A potential reset mechanism for the modulation of decision processes under uncertainty

Humans and other mammals flexibly select actions in noisy, uncertain contexts, quickly using feedback to adapt their decision policies to either explore other options or to exploit what they know. Drawing inspiration from the plasticity of cortico-basal ganglia-thalamic circuitry, we recently developed a cognitive model of decision-making that uses both a value-driven learning signal to update an internal estimate of state action-value (i.e., conflict in the probability of reward between two choices) and a change-point-driven learning signal that adapts to changes in reward contingencies (i.e., a previously high value target becoming devalued). In this work, we expand on previous results from our group (Bond, Dunovan, & Verstynen, 2018) to more carefully detail how these environmental signals drive changes in the decision process.
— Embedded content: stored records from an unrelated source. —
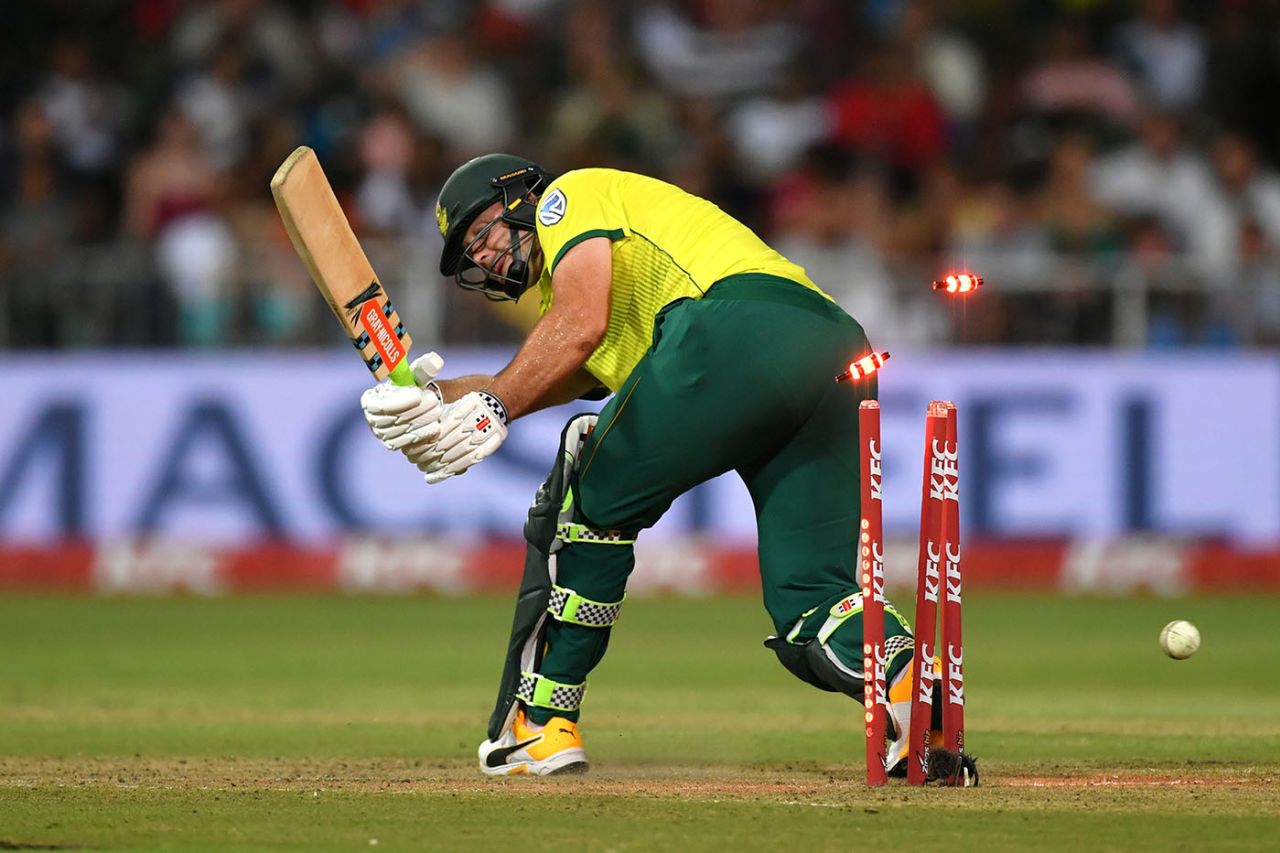 Jon-Jon Smuts was bowled behind his legs, South Africa v England, 2nd T20I, Durban, February 14, 2020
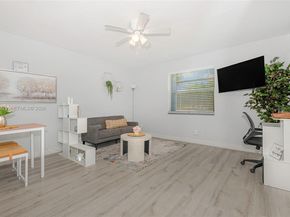 201 Columbus Pkwy, Hollywood FL 33021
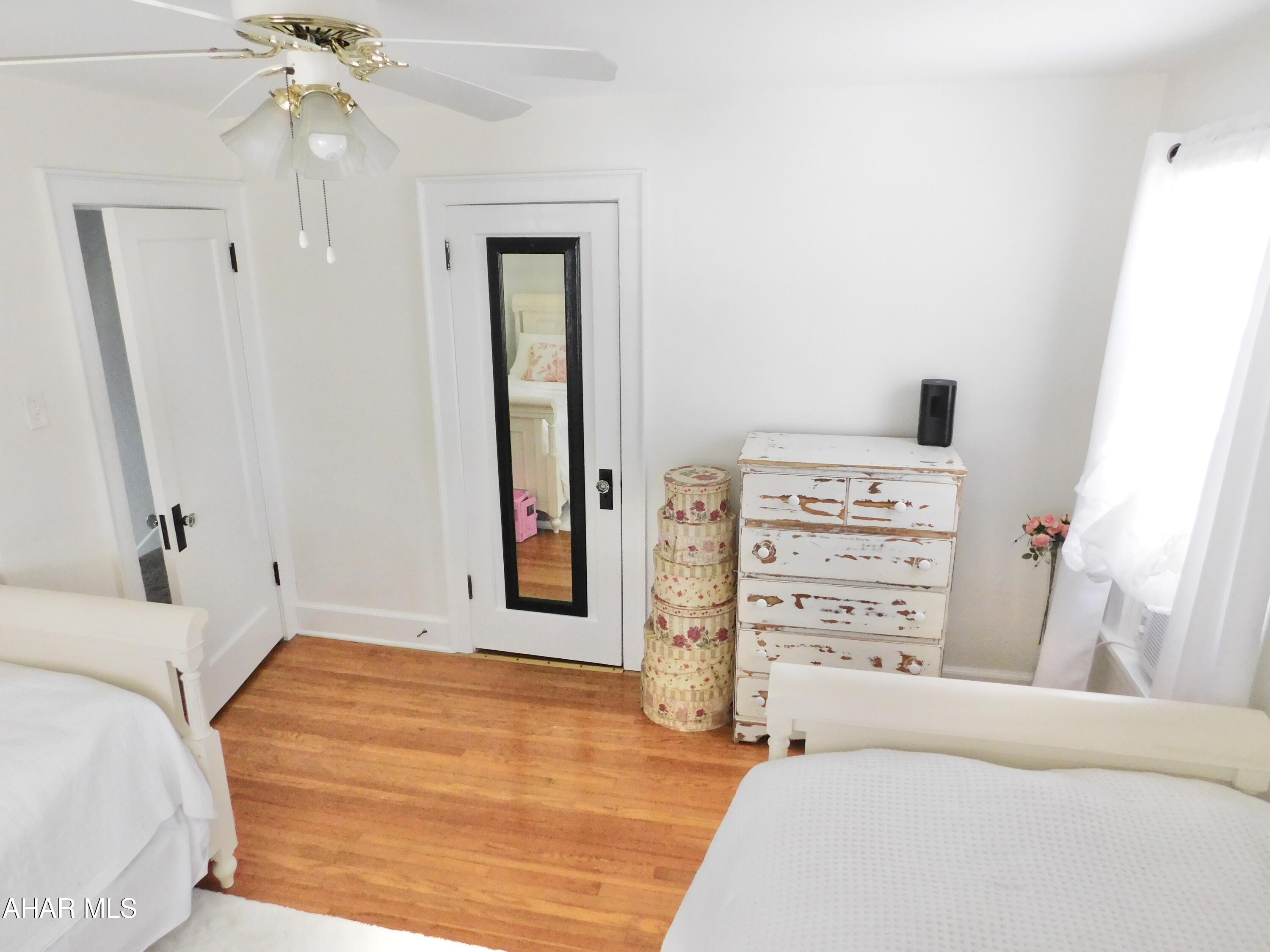 Llyswen - Residential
Across nine separate behavioral testing sessions, we independently manipulated the level of value-conflict and volatility in action-outcome contingencies. Using a hierarchical drift diffusion model, we found that the belief in the value difference between options had the greatest influence on decision processes, impacting drift rate, while estimates of environmental change had a smaller, but detectable influence on the decision threshold. Taken together, these findings bolster our previous work showing how separate environmental signals impact different aspects of the decision algorithm.